The Reggio Emilia Approach
We are influenced by the Reggio Emilia Approach from Italy. The Reggio Emilia Approach is an educational philosophy based on the image of the child, and of human beings, as possessing strong potentials for development and as a subject of rights who learns and grows in the relationships with others
Professor Carla Rinaldi who is the President of Reggio Children and President of the Reggio Children-Loris Malaguzzi Centre Foundation was an Adelaide Thinker in Residence in 2012-2013. During this time she wrote a paper titled ‘Reimagining Childhood: The inspiration of Reggio Emilia education principles in South Australia’ (www.thinkers.sa.gov.au/rinaldiflipbook/files/inc/d99b4762d1.pdf) which outlined recommendations for early childhood education in South Australia. Professor Rinaldi has also worked closely with Catholic Education South Australia over the last two years as the system ‘re-imagines’ childhood and education from birth to 18 years old.

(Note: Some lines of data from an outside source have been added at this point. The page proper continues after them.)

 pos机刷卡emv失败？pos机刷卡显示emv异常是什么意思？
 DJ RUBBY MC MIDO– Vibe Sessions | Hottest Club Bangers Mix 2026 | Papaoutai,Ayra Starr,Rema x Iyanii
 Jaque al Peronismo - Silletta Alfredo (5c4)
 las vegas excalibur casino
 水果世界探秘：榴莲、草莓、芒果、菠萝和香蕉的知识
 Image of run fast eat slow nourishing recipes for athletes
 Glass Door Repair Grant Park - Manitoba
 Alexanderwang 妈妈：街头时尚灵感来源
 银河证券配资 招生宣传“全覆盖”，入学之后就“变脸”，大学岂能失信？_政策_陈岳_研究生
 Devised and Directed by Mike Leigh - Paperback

At Holy Family we have been exploring the following principles of the Reggio Emilia Approach and these are reflected in the planning, learning and documentation in 1MR and 1JM:
Our image of the child – viewing children as competent; and capable of constructing their own knowledge and understandings, driven by their own interests and curiosities.

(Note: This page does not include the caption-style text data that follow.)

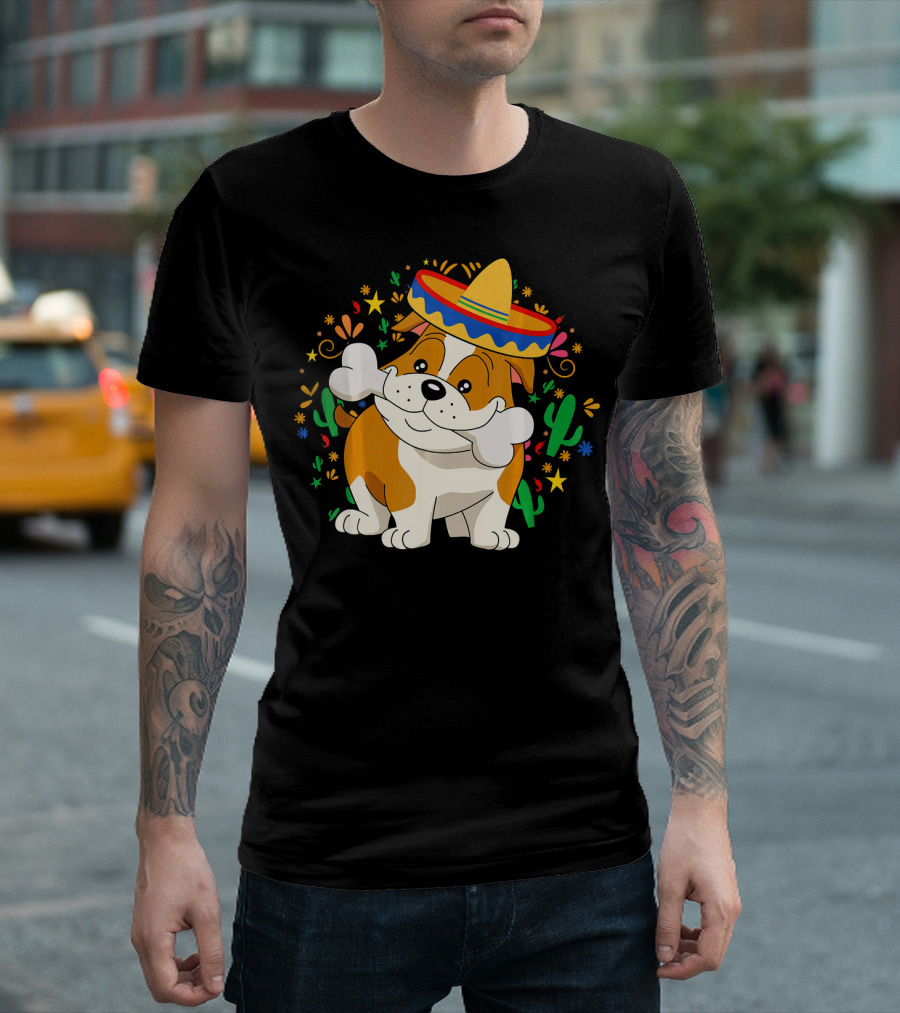 Bulldog Puppy in Sombrero with Bone and Cactus Cinco de Mayo T-Shirt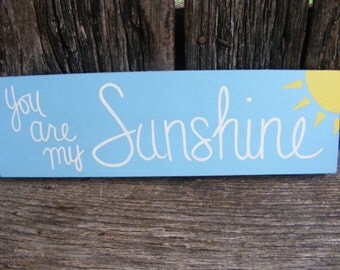 You Are My Sunshine sign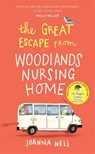 The Great Escape from Woodlands Nursing Home - Joanna Nell - 9781529349337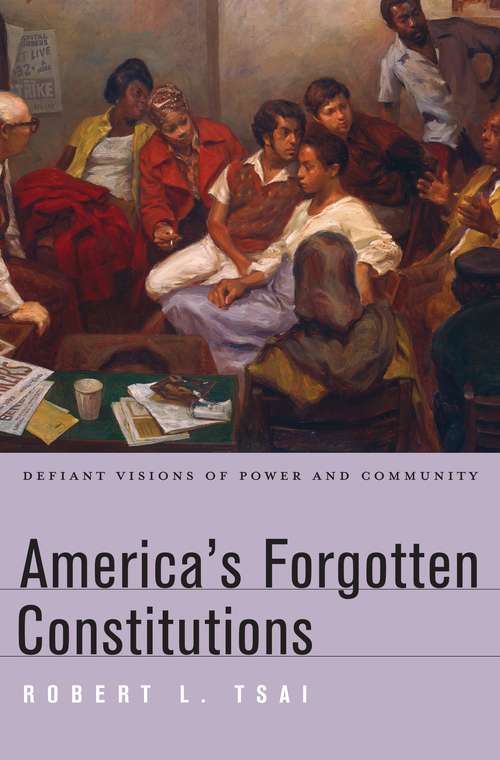 Book cover of America's Forgotten Constitutions: Defiant Visions Of Power And Community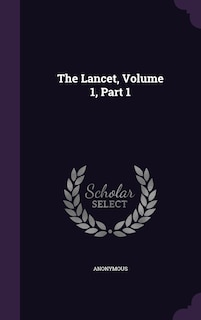 Front cover_The Lancet, Volume 1, Part 1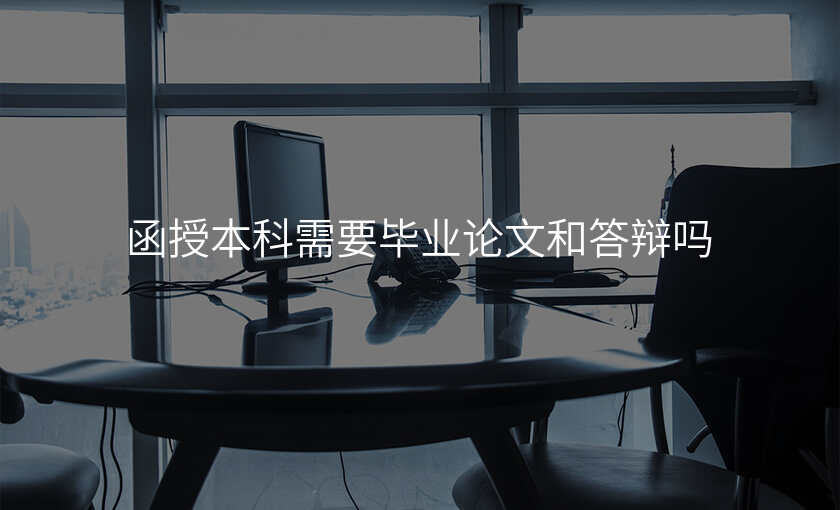 函授本科需要毕业论文和答辩吗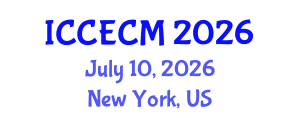 International Conference on Construction Engineering and Construction Management (ICCECM) July 10, 2026 - New York, United States International Conference on Construction Engineering and Construction Management (ICCECM) July 10, 2026 - New York, United States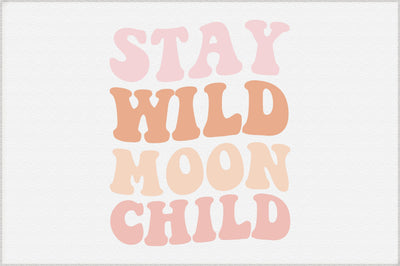 Stay Wild Moon Child, Wavy Text Svg SVG Creativeart88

Children possess a hundred languages – children have many, many ways (at least a hundred) of expressing their thoughts, understandings, creativities and realities. They have a hundred different ways of exploring; discovering, thinking and learning from drawing to movement to imaginative play to sculpting to playing music. We must respect, value and nurture these languages. These languages are ways of learning.
The Environment as the Third Teacher – the environment inspires children and the spaces need to be beautiful, clean, clutter-free, motivating, filled with different materials, purposeful and flexible. Spaces are created to enable communication, independence and collaboration between children and with adults. Both children and adults care for spaces.
Making Learning Visible – emphasis on recording children’s thoughts, processes, ideas and questions and documenting the progression of learning – the learning journey. This can be done in various ways including photographs, video, drawings, transcripts of conversations, etc. Documentation is also used to assist teachers plan future learning opportunities for children.
The role of the Teacher – the role of the teacher is to observe and listen to children including their questions, stories and interests and provide opportunities for them to grow their understandings and explore their interests further. Teachers are:
Co-constructors (partners, guides, nurturers, hypothesizers with children)
Researchers (observe, learn, revisit with children)
Documenters (listen, record with children)
Advocates for children
Involvement of Families – partner with families and include them in the planning and implementation of learning experiences and opportunities as well as ensuring the care and wellbeing of each child.
Projects – project ideas come from children’s experiences, interests and curiosities and teachers’ observations of children and interactions with them. Projects enable children to develop their knowledge and understanding independently, collectively and collegially with other children and their teachers.